START DATASET EXCERPT
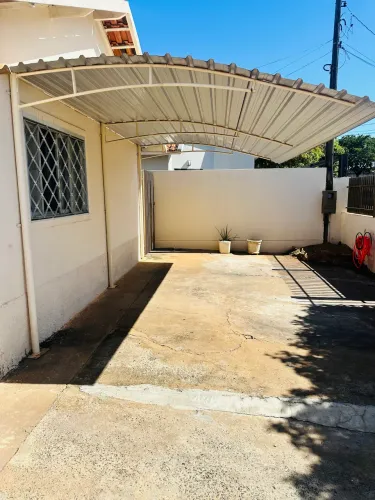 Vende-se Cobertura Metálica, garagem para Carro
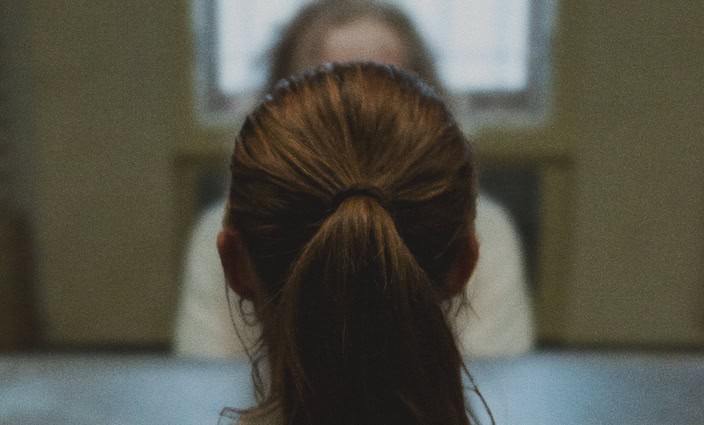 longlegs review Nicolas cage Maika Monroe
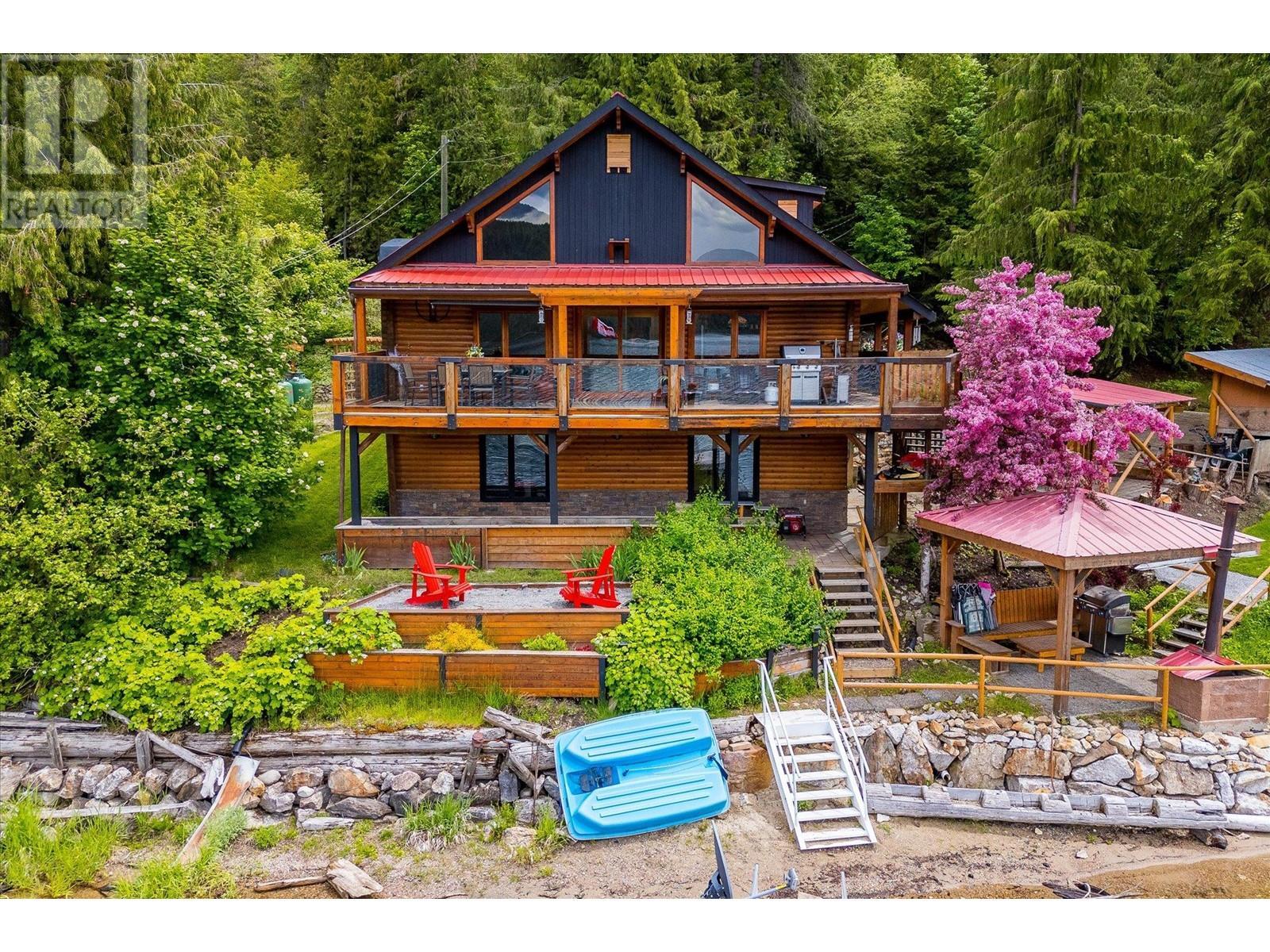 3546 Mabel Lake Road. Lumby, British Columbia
END DATASET EXCERPT
WHAT NEEDS TO BE DONE
Go through the material above and retype every line exactly, without the images.

EXERCISE SOLUTION
 Vende-se Cobertura Metálica, garagem para Carro
 longlegs review Nicolas cage Maika Monroe
 3546 Mabel Lake Road. Lumby, British Columbia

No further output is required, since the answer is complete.